A brief history lesson: When Walmart first became successful enough to expand outside its home state of Arkansas in the 1960s, the company didn’t immediately barrel into heavily populated coastal cities like New York or Los Angeles. Instead, it opened locations Missouri and Oklahoma — neighboring states but not exactly the epicenter of commerce. Walmart didn’t actually make it to California until the ‘80s and New York until the ‘90s.

Chris Meaux, CEO of delivery service Waitr, argues that this focus on smaller markets is how Walmart built the mega-popular status it enjoys today. And if he has his way, Waitr will eventually be able to tell a similar story.

“[They] had such brand equity that they eventually got pulled into [major] cities,” he says of the big-box retailer’s eventual coast-to-coast expansion. “And I think the same thing could happen to Waitr over time. We’re building a very strong brand in the markets we serve. If the demand for that brand requires we get pulled into major markets, we’ll do it.”

To the consumer, Waitr looks much like any third-party delivery service: You download an app, order food, and wait for someone to deliver it. The company operates in many of the same markets as — and many markets where those bigger players aren’t.

To be clear, Waitr isn’t trying to be the next Walmart. It is, however, following the retail giant’s strategy of expanding from its smallish hometown — in this case, Lake Charles, Louisiana — into other smallish cities before heading to the mid-sized markets a la Minneapolis or Amarillo, Texas. Major metropolises aren’t even on the wish list right now.

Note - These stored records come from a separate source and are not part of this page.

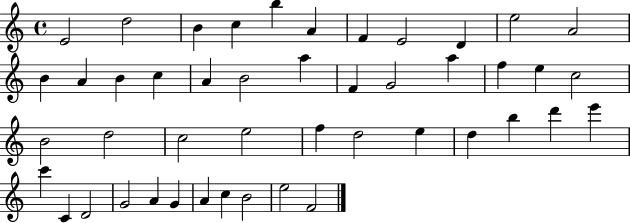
E4/h D5/h B4/q C5/q B5/q A4/q F4/q E4/h D4/q E5/h A4/h B4/q A4/q B4/q C5/q A4/q B4/h A5/q F4/q G4/h A5/q F5/q E5/q C5/h B4/h D5/h C5/h E5/h F5/q D5/h E5/q D5/q B5/q D6/q E6/q C6/q C4/q D4/h G4/h A4/q G4/q A4/q C5/q B4/h E5/h F4/h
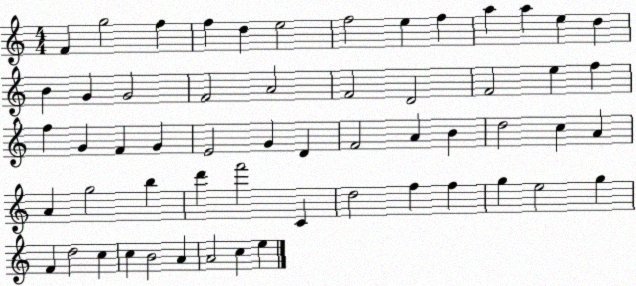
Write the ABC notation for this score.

X:1
T:Untitled
M:4/4
L:1/4
K:C
F g2 f f d e2 f2 e f a a e d B G G2 F2 A2 F2 D2 F2 e f f G F G E2 G D F2 A B d2 c A A g2 b d' f'2 C d2 f f g e2 g F d2 c c B2 A A2 c e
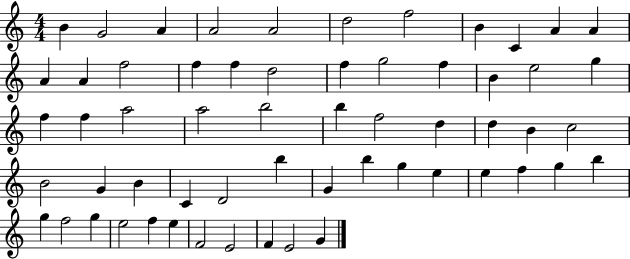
{
  \clef treble
  \numericTimeSignature
  \time 4/4
  \key c \major
  b'4 g'2 a'4 | a'2 a'2 | d''2 f''2 | b'4 c'4 a'4 a'4 | \break a'4 a'4 f''2 | f''4 f''4 d''2 | f''4 g''2 f''4 | b'4 e''2 g''4 | \break f''4 f''4 a''2 | a''2 b''2 | b''4 f''2 d''4 | d''4 b'4 c''2 | \break b'2 g'4 b'4 | c'4 d'2 b''4 | g'4 b''4 g''4 e''4 | e''4 f''4 g''4 b''4 | \break g''4 f''2 g''4 | e''2 f''4 e''4 | f'2 e'2 | f'4 e'2 g'4 | \break \bar "|."
}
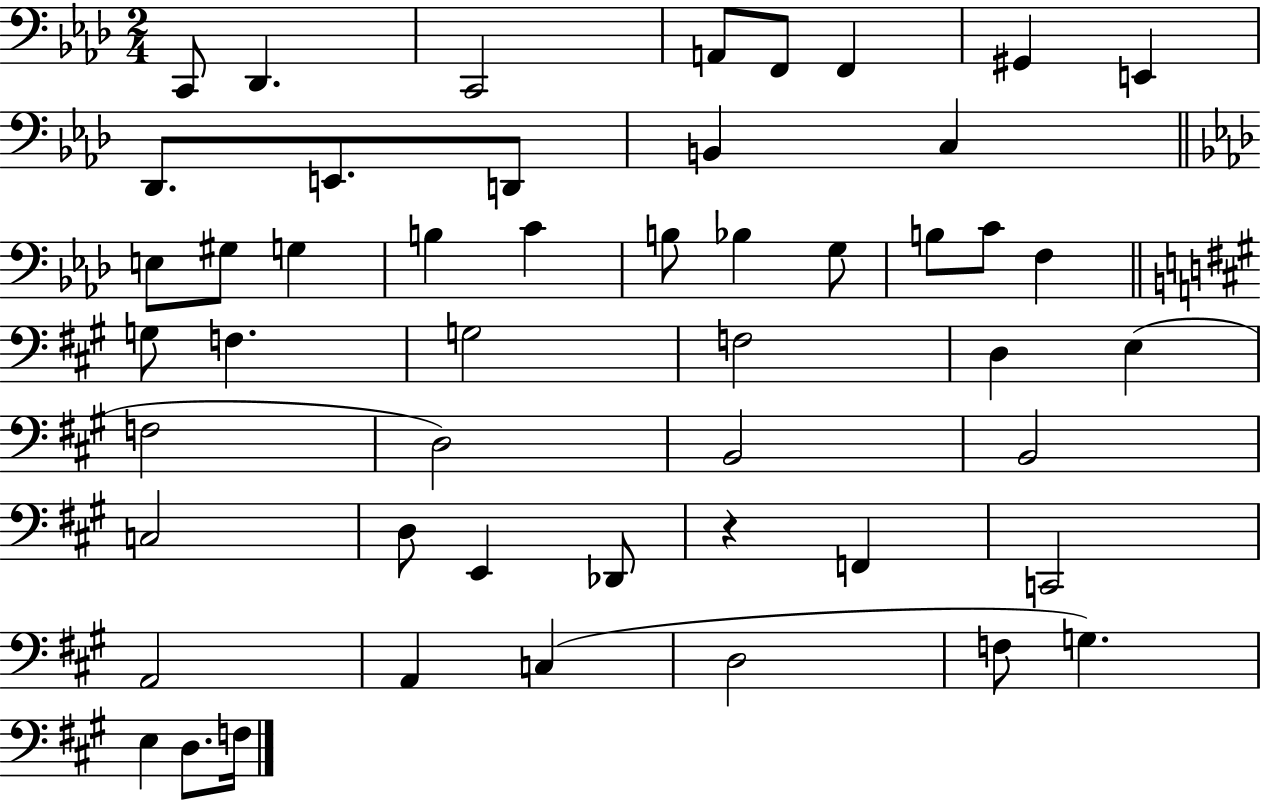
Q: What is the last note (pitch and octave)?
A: F3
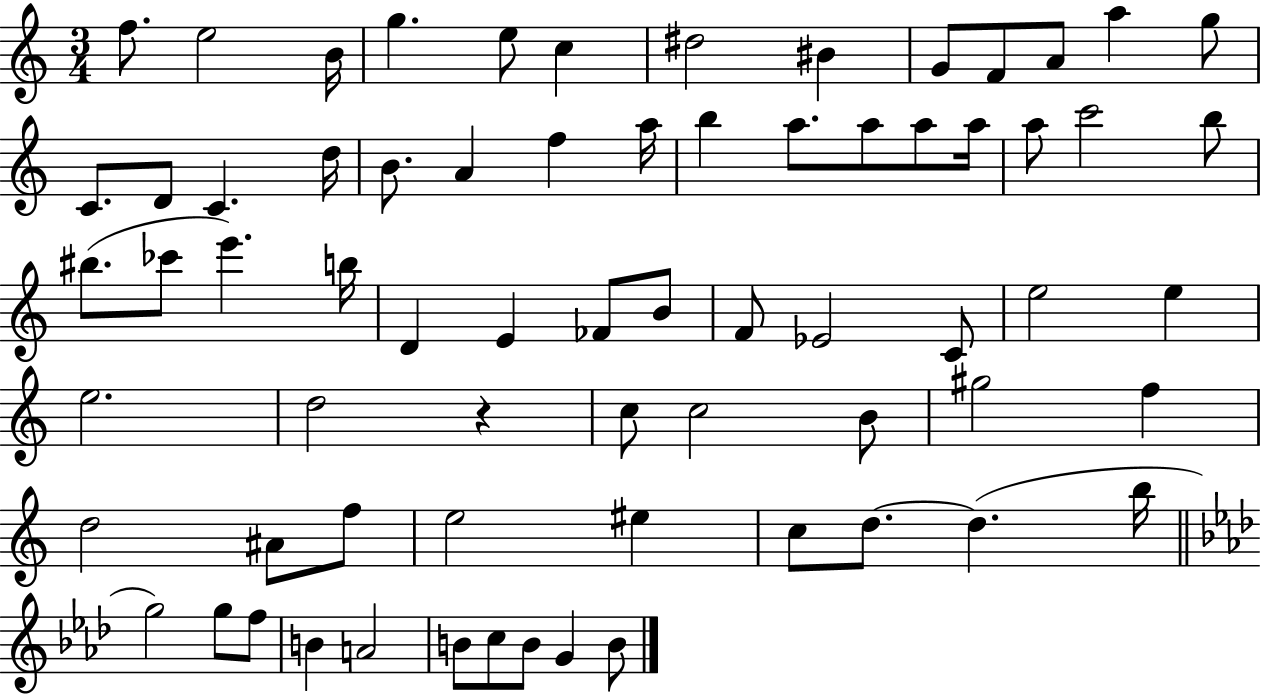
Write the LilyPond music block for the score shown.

{
  \clef treble
  \numericTimeSignature
  \time 3/4
  \key c \major
  f''8. e''2 b'16 | g''4. e''8 c''4 | dis''2 bis'4 | g'8 f'8 a'8 a''4 g''8 | \break c'8. d'8 c'4. d''16 | b'8. a'4 f''4 a''16 | b''4 a''8. a''8 a''8 a''16 | a''8 c'''2 b''8 | \break bis''8.( ces'''8 e'''4.) b''16 | d'4 e'4 fes'8 b'8 | f'8 ees'2 c'8 | e''2 e''4 | \break e''2. | d''2 r4 | c''8 c''2 b'8 | gis''2 f''4 | \break d''2 ais'8 f''8 | e''2 eis''4 | c''8 d''8.~~ d''4.( b''16 | \bar "||" \break \key aes \major g''2) g''8 f''8 | b'4 a'2 | b'8 c''8 b'8 g'4 b'8 | \bar "|."
}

Even its website emphasizes this localish approach, pushing the image of a hometown food service rather than a faceless entity that’s in every other American city. As Meaux explained over the phone recently, these places are perfect markets for Waitr’s business “because they haven’t gotten attention from some of the larger companies.”

Waitr’s current territory includes much of the Southeast and two dozen cities in Texas. And with its recent acquisition of Bite Squad for $321.3 million, that reach expands to smaller coastal markets like Virginia and Hawaii.

“It was almost exactly the same business model as Waitr,” Meaux says of Bite Squad, adding that larger companies tend to be more focused on demand for consumers, whereas Waitr/Bit Squad puts a lot of emphasis on partnerships with restaurants and drivers, too.

How to employ drivers was a key area on which Waitr and Bite Squad agreed, and it’s the other thing setting Waitr apart from the larger delivery companies. Waitr has, according to Meaux, around 18,000 W2 employees as drivers on its payroll. And he’s aware of how absurdly expensive that sounds to most people.

“It’s really a policy that employees are more expensive,” he says. “Efficient employees are much less expensive.” Because Bite Squad can schedule employees to work when they actually need them, they can more easily accommodate busier periods of the day (dinnertime) and cut back when it’s slow (2 p.m.). Meaux says drivers are reimbursed for personal vehicle and cellphone use. “If you manage the driver flee right and you schedule the drivers when you need them, [you] can do it with a fraction of the drivers that [competitors] require. And as long as employees stay busy, the company profits, because its fees are hourly, rather than a flat rate. Bit Squad, who still maintains its own operations, uses an almost identical approach when it comes to drivers.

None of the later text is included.